Exercise aim
In the listing below, find the line containing "Brass Micro Pave Cubic Zirconia Pendants" and the line containing "Balenciaga Blue Textured Wool Cropped Jacket". Repeat exactly those two lines and every line between them.
═══ Available data ═══
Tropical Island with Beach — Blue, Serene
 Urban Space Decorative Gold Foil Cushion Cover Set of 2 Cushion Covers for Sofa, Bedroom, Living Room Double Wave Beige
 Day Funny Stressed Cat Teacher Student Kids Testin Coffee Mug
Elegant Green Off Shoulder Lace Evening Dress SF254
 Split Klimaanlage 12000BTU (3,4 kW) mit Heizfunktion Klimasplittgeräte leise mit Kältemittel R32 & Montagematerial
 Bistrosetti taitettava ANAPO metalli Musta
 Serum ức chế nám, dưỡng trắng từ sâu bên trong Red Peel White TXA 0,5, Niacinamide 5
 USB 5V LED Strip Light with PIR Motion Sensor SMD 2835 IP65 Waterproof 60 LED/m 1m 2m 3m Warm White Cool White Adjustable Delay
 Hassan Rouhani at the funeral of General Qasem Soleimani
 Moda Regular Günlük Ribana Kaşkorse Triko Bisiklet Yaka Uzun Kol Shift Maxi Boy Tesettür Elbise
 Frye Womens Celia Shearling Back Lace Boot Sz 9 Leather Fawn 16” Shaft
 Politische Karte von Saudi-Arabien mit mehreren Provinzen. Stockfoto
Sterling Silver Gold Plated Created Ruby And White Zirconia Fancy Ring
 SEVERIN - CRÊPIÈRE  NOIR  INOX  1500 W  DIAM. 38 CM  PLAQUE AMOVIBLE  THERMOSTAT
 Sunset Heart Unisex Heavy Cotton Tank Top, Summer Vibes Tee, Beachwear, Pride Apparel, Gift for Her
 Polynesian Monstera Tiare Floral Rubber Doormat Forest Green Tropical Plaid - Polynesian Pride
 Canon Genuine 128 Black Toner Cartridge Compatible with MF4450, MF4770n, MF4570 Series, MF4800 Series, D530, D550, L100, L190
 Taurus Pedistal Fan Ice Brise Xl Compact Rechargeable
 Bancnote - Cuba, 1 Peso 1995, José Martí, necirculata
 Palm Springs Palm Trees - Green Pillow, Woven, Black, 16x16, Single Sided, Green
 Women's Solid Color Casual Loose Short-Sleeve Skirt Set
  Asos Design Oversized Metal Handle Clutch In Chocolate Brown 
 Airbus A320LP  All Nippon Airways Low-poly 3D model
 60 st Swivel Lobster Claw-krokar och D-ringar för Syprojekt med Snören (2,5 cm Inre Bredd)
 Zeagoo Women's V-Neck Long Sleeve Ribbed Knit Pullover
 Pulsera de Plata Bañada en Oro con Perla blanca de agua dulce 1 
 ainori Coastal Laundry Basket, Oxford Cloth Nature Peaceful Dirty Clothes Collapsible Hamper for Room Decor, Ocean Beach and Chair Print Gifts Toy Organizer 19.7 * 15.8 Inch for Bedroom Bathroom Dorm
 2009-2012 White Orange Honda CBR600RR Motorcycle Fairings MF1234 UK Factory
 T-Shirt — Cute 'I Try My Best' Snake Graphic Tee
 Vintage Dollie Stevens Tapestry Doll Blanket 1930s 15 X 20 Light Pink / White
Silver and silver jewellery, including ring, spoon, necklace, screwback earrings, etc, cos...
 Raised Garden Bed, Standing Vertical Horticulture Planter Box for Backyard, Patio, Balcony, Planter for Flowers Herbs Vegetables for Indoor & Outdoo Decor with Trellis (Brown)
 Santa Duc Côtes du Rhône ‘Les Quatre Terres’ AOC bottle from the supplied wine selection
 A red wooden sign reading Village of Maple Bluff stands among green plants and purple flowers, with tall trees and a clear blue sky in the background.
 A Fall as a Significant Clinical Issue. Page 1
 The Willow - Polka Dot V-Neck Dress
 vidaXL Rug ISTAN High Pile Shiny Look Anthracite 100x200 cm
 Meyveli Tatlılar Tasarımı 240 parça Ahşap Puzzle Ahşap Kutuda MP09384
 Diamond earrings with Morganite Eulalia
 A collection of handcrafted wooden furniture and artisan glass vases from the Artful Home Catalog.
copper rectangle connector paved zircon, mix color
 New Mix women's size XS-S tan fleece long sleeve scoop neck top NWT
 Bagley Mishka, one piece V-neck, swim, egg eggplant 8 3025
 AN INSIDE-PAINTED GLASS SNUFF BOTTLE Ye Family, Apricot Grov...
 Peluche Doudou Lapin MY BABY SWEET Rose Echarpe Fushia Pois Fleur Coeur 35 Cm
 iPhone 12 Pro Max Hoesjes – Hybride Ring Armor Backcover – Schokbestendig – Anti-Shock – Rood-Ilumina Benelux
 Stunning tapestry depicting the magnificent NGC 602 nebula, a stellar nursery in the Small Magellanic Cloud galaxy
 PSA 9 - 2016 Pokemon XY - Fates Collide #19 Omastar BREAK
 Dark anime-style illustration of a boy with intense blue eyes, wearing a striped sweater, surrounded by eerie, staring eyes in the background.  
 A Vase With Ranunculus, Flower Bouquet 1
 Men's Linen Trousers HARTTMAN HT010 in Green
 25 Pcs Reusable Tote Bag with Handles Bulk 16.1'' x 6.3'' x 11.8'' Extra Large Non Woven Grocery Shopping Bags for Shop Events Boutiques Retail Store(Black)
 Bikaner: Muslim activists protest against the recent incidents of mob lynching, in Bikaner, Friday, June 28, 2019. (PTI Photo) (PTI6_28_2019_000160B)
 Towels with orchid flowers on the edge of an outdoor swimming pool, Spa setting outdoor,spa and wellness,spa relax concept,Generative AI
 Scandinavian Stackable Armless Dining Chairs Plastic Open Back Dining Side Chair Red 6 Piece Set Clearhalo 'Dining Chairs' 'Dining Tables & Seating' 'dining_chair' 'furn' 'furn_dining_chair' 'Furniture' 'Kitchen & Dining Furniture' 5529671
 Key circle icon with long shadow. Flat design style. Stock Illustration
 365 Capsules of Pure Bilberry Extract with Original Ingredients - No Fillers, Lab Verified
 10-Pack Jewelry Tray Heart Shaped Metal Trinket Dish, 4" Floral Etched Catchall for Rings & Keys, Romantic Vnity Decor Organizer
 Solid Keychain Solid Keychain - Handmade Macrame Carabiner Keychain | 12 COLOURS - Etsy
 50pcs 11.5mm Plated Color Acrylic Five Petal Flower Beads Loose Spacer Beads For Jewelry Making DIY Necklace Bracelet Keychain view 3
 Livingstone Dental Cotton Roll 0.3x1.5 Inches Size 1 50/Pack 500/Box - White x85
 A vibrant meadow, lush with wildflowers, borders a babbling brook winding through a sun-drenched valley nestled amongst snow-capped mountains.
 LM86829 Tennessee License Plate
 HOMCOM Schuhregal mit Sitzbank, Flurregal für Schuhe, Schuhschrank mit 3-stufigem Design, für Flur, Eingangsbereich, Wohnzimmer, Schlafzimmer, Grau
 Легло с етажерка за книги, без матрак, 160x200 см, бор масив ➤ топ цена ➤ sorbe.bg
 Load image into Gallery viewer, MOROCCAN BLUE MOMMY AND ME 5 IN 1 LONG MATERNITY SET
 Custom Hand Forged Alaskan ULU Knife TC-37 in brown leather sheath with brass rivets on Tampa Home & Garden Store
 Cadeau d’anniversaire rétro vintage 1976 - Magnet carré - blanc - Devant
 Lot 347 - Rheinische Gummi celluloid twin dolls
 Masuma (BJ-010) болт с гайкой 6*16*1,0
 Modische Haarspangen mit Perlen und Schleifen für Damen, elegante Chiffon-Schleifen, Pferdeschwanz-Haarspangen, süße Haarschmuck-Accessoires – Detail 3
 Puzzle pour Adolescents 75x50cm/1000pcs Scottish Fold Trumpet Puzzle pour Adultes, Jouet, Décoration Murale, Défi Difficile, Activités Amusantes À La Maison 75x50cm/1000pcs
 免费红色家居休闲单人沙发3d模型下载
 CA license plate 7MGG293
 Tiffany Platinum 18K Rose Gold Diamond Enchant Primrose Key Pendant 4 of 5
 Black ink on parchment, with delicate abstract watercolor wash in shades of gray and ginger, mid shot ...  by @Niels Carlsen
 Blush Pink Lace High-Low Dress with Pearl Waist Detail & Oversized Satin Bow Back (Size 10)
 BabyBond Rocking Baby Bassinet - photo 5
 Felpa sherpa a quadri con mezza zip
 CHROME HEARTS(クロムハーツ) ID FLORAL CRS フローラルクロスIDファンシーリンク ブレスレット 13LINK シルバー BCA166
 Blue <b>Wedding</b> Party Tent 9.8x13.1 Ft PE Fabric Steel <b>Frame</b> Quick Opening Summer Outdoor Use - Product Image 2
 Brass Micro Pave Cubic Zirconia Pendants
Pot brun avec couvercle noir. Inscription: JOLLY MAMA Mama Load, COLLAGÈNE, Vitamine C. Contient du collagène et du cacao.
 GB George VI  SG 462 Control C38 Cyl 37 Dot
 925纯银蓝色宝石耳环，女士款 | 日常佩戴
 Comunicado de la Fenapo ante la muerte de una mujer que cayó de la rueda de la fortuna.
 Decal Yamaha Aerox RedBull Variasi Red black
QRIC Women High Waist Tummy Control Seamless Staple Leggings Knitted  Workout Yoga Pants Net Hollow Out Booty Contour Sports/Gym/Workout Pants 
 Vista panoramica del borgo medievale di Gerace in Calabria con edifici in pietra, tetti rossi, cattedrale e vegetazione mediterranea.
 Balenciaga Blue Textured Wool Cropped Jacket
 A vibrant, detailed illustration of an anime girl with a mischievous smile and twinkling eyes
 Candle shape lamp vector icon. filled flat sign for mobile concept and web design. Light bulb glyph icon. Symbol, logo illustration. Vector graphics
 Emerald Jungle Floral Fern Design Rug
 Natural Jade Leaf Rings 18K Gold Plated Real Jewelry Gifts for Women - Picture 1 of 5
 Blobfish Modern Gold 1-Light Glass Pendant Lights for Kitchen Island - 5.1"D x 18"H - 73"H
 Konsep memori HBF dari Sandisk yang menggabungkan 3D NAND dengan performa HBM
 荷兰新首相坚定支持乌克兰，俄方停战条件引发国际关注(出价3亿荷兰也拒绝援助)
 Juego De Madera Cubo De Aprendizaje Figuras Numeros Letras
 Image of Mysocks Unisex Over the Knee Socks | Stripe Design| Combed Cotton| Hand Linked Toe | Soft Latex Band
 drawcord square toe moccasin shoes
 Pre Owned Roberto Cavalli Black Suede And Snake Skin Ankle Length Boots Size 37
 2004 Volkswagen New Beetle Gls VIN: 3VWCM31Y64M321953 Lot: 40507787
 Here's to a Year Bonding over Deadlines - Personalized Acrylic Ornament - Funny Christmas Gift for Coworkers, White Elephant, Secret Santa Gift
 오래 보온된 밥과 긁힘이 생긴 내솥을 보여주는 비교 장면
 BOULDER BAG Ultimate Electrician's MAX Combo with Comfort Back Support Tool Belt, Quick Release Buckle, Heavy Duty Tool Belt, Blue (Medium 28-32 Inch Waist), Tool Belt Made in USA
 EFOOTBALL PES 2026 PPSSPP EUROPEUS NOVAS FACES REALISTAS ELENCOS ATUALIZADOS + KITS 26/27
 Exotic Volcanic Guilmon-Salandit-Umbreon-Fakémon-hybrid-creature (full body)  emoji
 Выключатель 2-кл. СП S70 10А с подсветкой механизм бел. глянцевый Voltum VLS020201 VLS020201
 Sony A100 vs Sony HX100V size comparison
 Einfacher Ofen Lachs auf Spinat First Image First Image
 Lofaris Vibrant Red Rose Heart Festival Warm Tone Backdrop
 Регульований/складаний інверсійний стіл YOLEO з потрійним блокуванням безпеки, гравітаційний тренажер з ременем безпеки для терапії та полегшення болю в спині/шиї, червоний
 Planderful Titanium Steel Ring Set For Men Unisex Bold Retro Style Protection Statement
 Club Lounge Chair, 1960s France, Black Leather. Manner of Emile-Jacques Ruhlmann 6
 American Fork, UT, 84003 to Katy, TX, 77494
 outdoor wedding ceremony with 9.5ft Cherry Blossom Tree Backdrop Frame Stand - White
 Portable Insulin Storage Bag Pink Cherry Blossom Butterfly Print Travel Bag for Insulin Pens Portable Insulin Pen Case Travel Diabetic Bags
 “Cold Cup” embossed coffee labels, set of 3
═══
Expected output
 Brass Micro Pave Cubic Zirconia Pendants
Pot brun avec couvercle noir. Inscription: JOLLY MAMA Mama Load, COLLAGÈNE, Vitamine C. Contient du collagène et du cacao.
 GB George VI  SG 462 Control C38 Cyl 37 Dot
 925纯银蓝色宝石耳环，女士款 | 日常佩戴
 Comunicado de la Fenapo ante la muerte de una mujer que cayó de la rueda de la fortuna.
 Decal Yamaha Aerox RedBull Variasi Red black
QRIC Women High Waist Tummy Control Seamless Staple Leggings Knitted  Workout Yoga Pants Net Hollow Out Booty Contour Sports/Gym/Workout Pants 
 Vista panoramica del borgo medievale di Gerace in Calabria con edifici in pietra, tetti rossi, cattedrale e vegetazione mediterranea.
 Balenciaga Blue Textured Wool Cropped Jacket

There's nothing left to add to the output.